Navjyoti School was established in 1988. It is a Catholic School under the management of the Sisters of Charity of Nazareth, an international congregation, committed to work for justice in solidarity with oppressed peoples, especially the economically poor and women, and to care for the Earth. This aim is realized through education, health services, social action and social services. The school is recognized by Nepal Government.
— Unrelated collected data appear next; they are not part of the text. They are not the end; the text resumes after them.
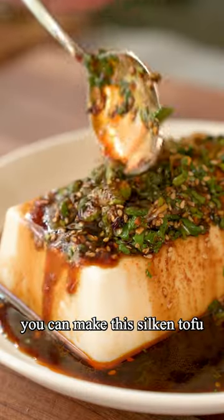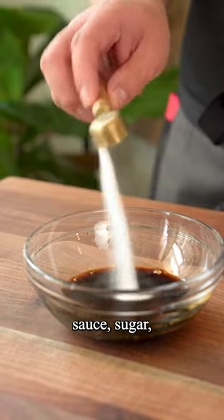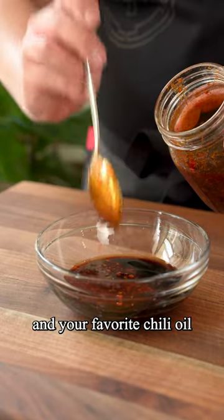In 5 minutes, you can make this silken tofu covered in addictive sauce. Just mix together soy sauce, sugar, sesame oil, and your favorite chili oil.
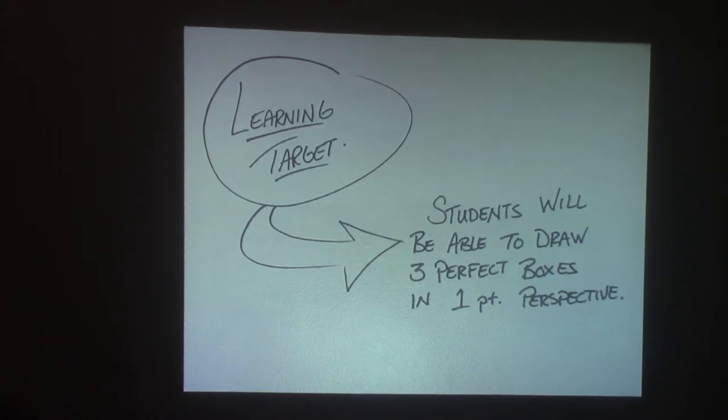Today's learning target: students will be able to draw three perfect boxes in one-point perspective — so perfect that no one else in the world could draw them any more perfect than what we're going to show you today.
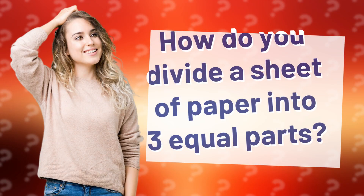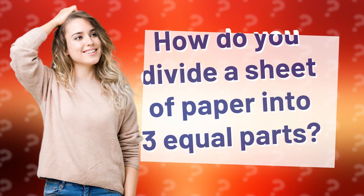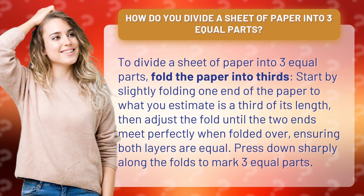How do you divide a sheet of paper into three equal parts? To divide a sheet of paper into three equal parts, fold the paper into thirds.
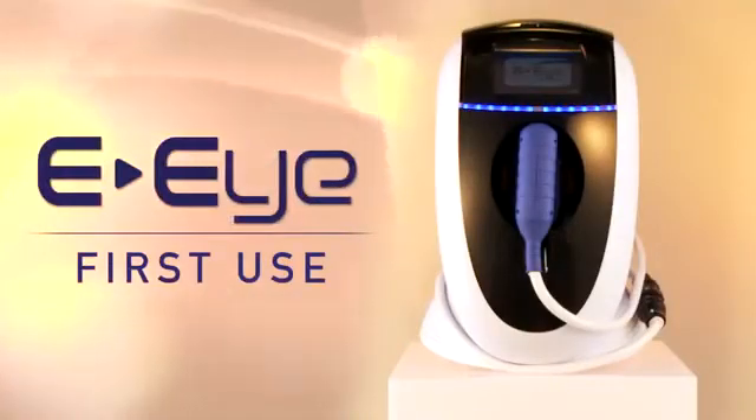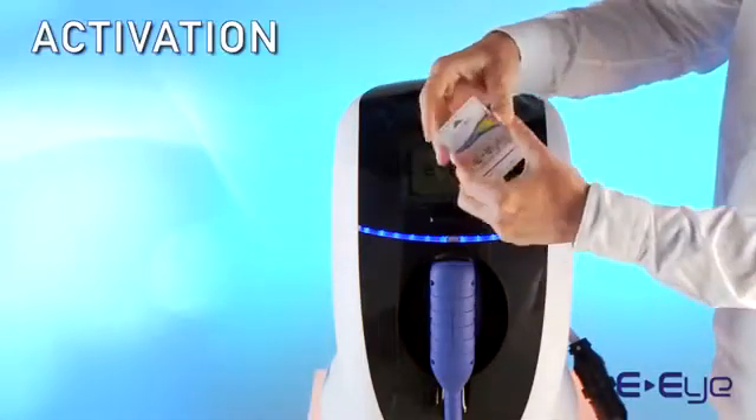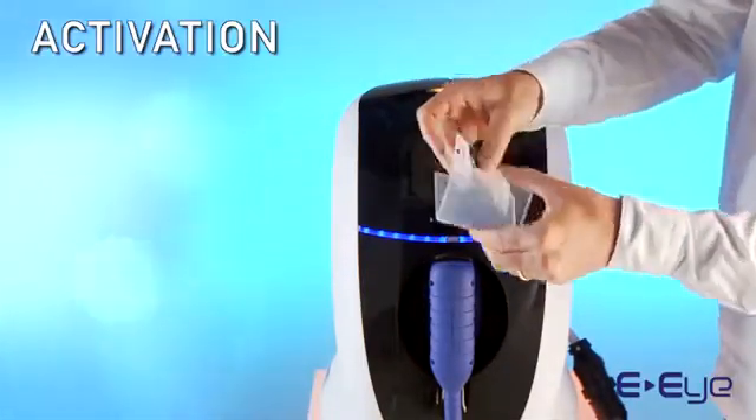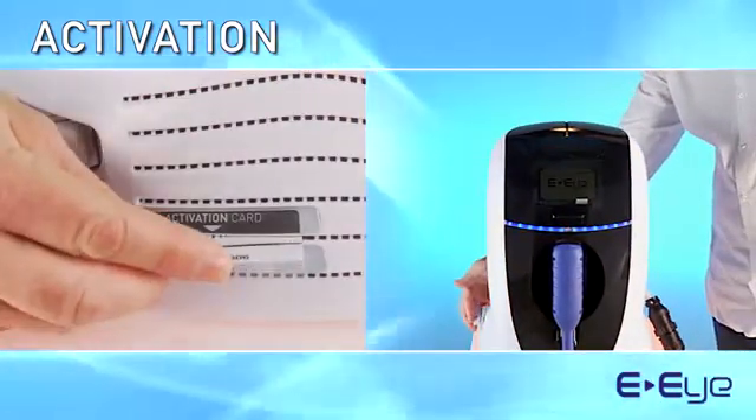Please take the following steps before using your EI. Insert the activation card supplied with your device. This card is specific to the cartridge with which it has been ordered.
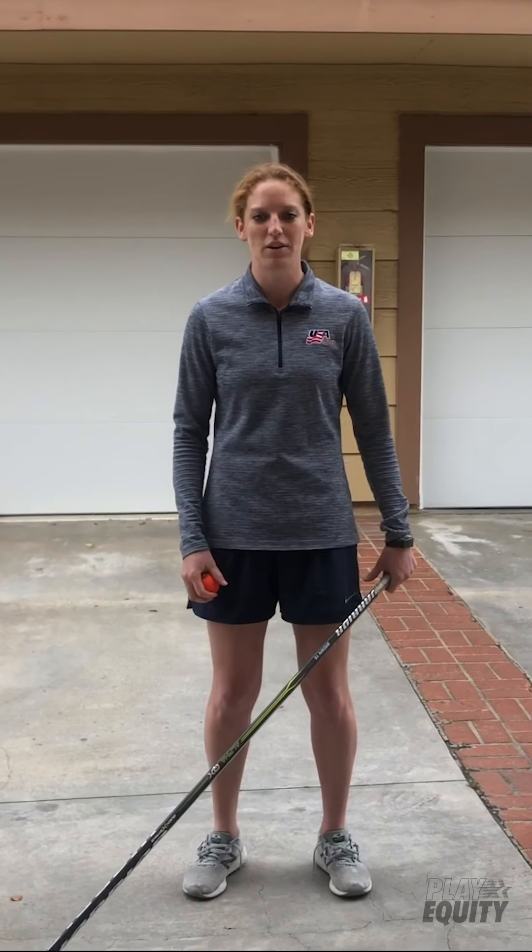Obviously it's a tough time right now. We're all inside a lot, so I just wanted to share a few fun drills and exercises that I've been doing to stay active, and hopefully you can learn something, have some fun, and get moving. We're all in this together.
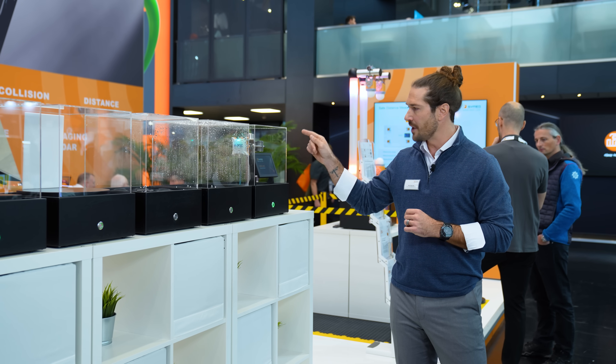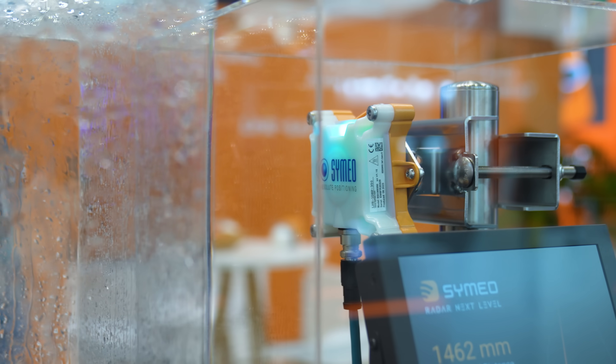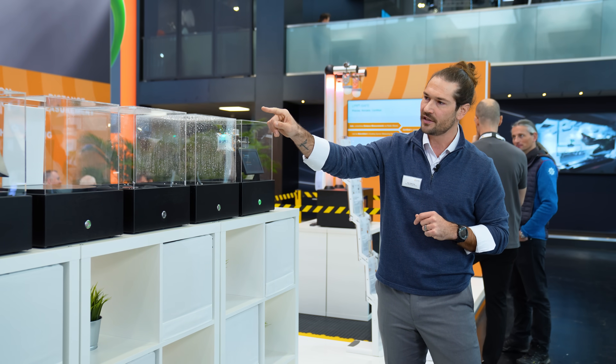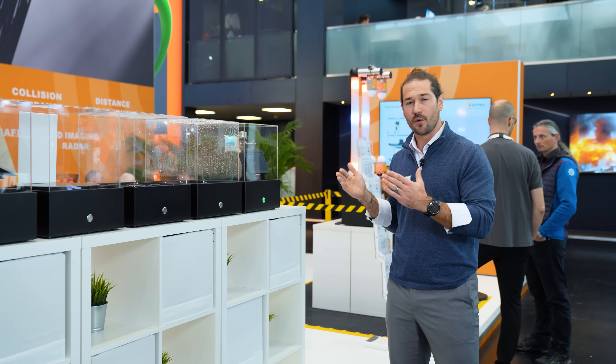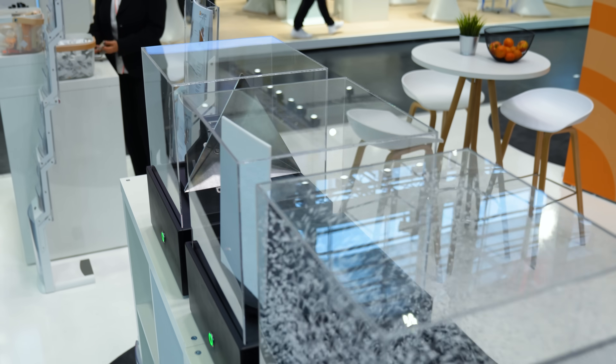There is a transmitting and a receiving antenna. The radar beam is emitted through the transmitter and travels to the reflector, where the energy is concentrated, then travels back to the receiving antenna. At this point we are able to accurately measure the distance to the target.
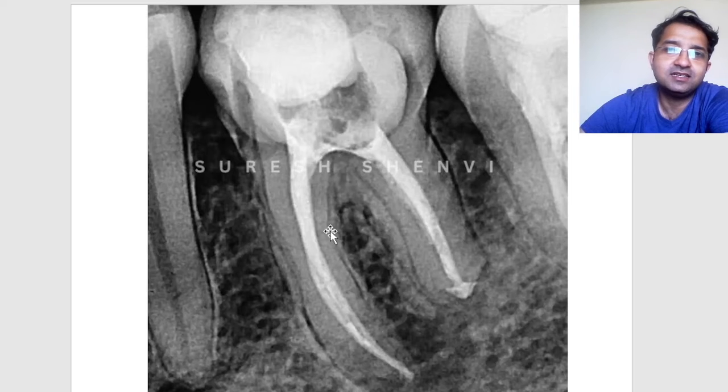The canals were 4%/30 in the mesial and 4%/40 in the distal — the canals were merging.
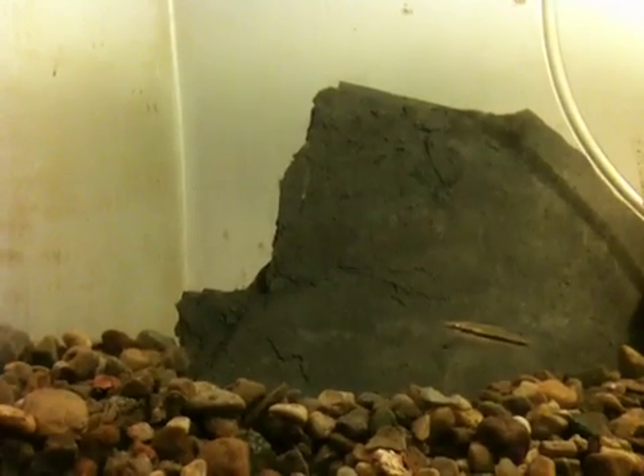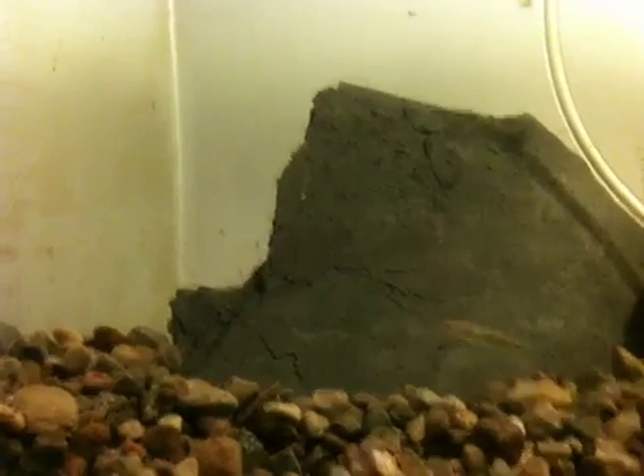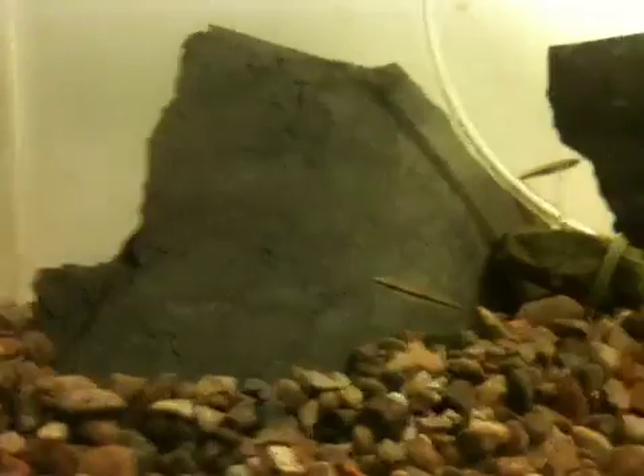This is my new 10 gallon tank. I decided to break the others down and put them in the 20. So I caught some top minnows — some black stripe ones.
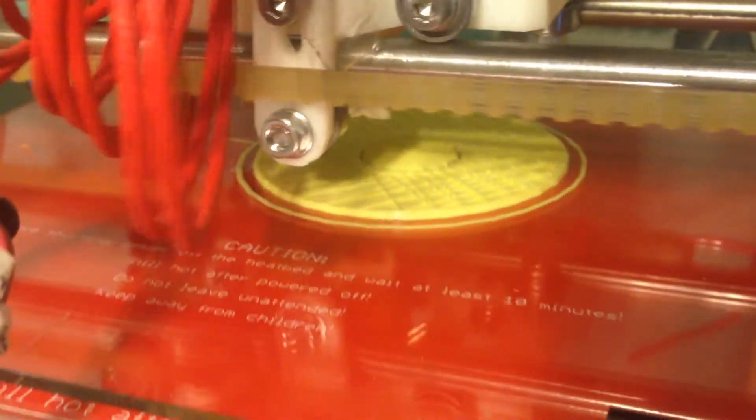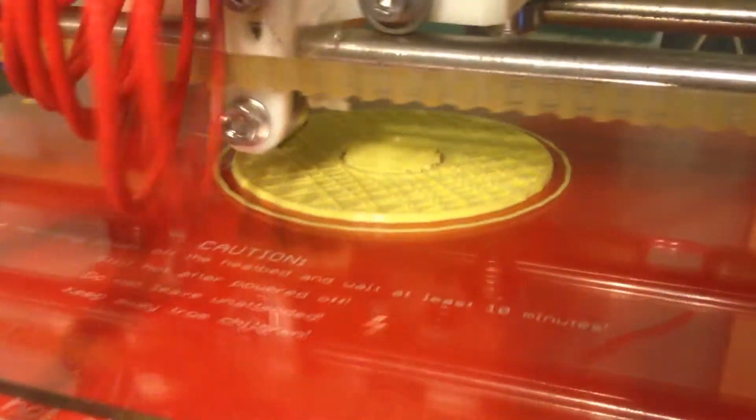Much, much better. This is printing at 210 degrees with the Ultimachine yellow PLA that I've got. I'll turn the camera upside down so that you can see that. Printing at 210 Celsius.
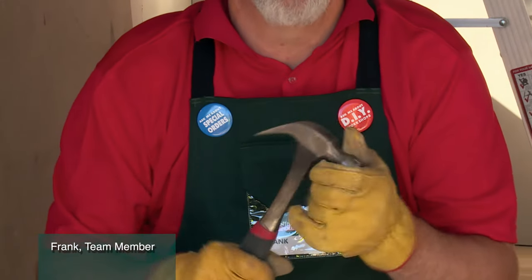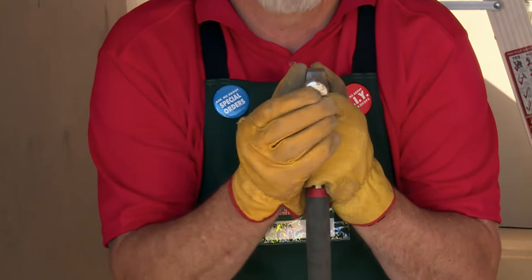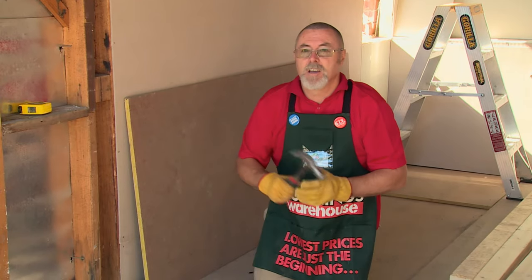A quick tip when you're using a hammer: if you find the nails are bending, quite often if you've got some dirt or muck on the face of the hammer, just rub it on a bit of sandpaper or even a bit of concrete. It'll rough it up. Away you go.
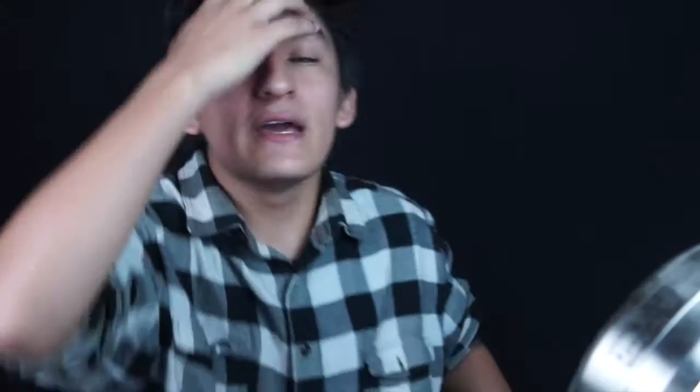It rubs the lotion on its skin, it does this whenever it's told. Starting off, I shaved and I'm taking some Wet n Wild primer and priming my face — I didn't know I had to but apparently it's important. Next I'm taking the lightest lip liner I can find and sketching out the shape of the moth. It's a good idea to have a reference picture nearby to help you out. The wings have to match shape and size, otherwise it'll look off and lopsided.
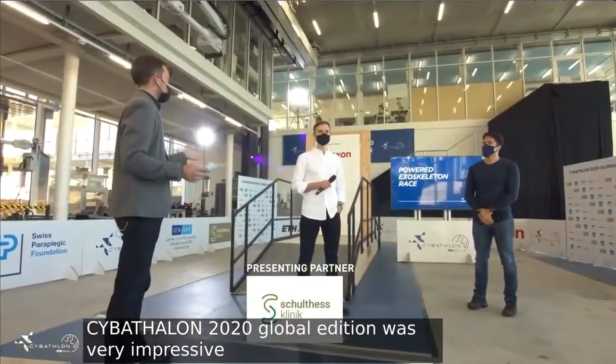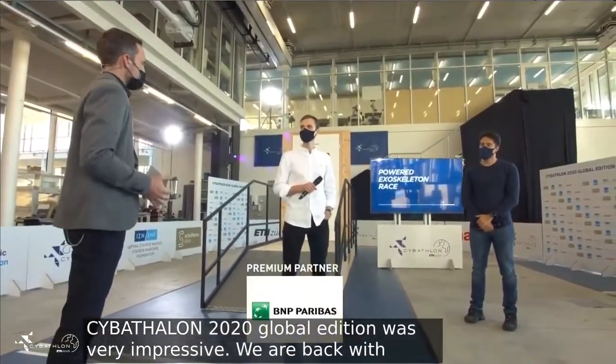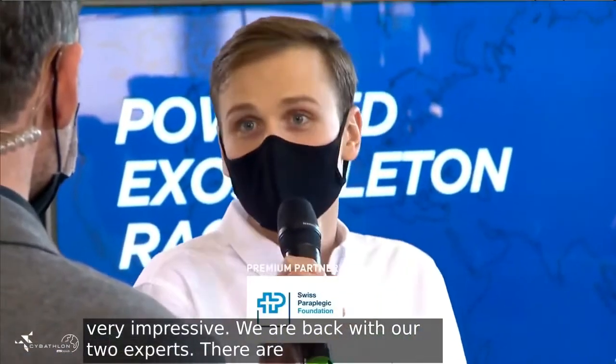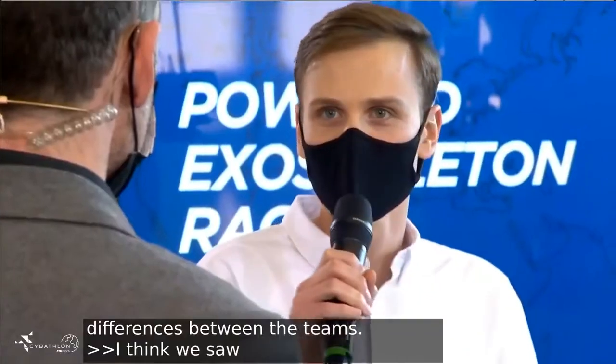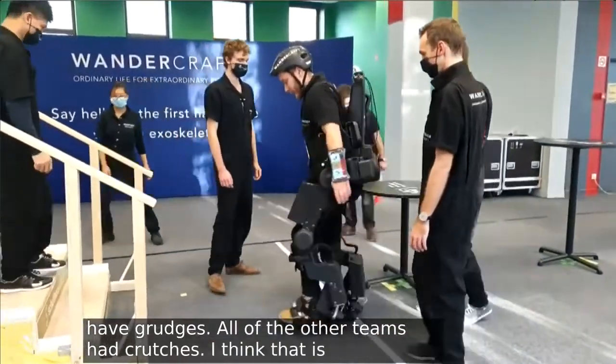Our two experts — it's really impressive. But there are also big differences between the teams. One team didn't have crutches, whereas all the other teams had crutches. And I think this is very important to point out, because it is very, very hard to have such a device working without crutches.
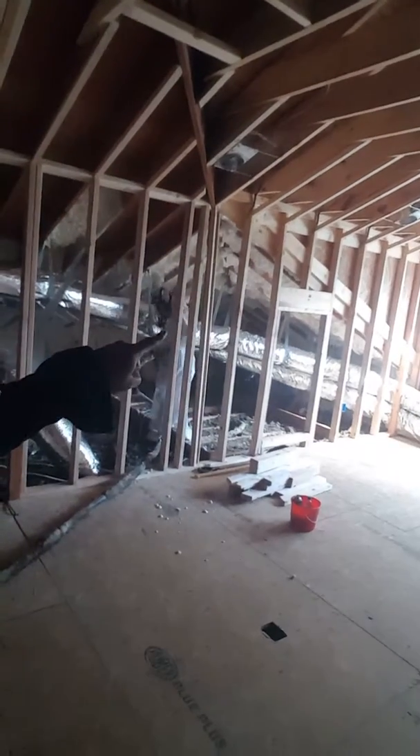Hello everyone, this is Calvin the interior designer with Savant Company. Today in the attic we are actually spraying the insulation on the ceiling — I think it's called 'icing.' It's pretty cool. I wish I could turn it around so you guys can see, but there it is — see my guy right there.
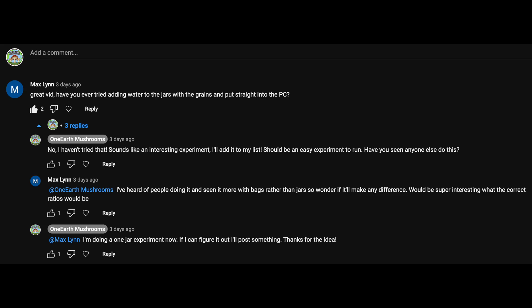Hey, what's going on my friends. There's something I haven't done much of lately that I want to get back into, and that is experimenting. Today I have a fun little experiment for you, inspired by a YouTube user named Max Lin, who commented on a recent video of mine.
It is owned and operated by Nepal Nazareth Society.

Years in schools
Year 0: Junior Kindergarten (JKG)
Year 1: Senior Kindergarten (SKG)
Year 2: Class I
Year 3: Class II
Year 4: Class III
Year 5: Class IV
Year 6: Class V
Year 7: Class VI
Year 8: Class VII
Year 9: Class IIX
Year 10: Class IX
Year 11: Class X

Library
The library provides study areas and housing for a collection of nearly 8000 books along with audiovisual materials. It has textbooks, journals, reference books, newspapers and magazines. The school provides audiovisual facilities to the primary students. Each class visits the library twice a week.

Laboratories
The school has laboratories for Physics, Chemistry, Biology and Computer Science.

Transport
The school has two yellow and silver school buses and one red jeep.

Sports
The school has  football and basketball teams. Other facilities include cricket, table tennis, volleyball, karate, kung fu,  badminton and tae kwon do.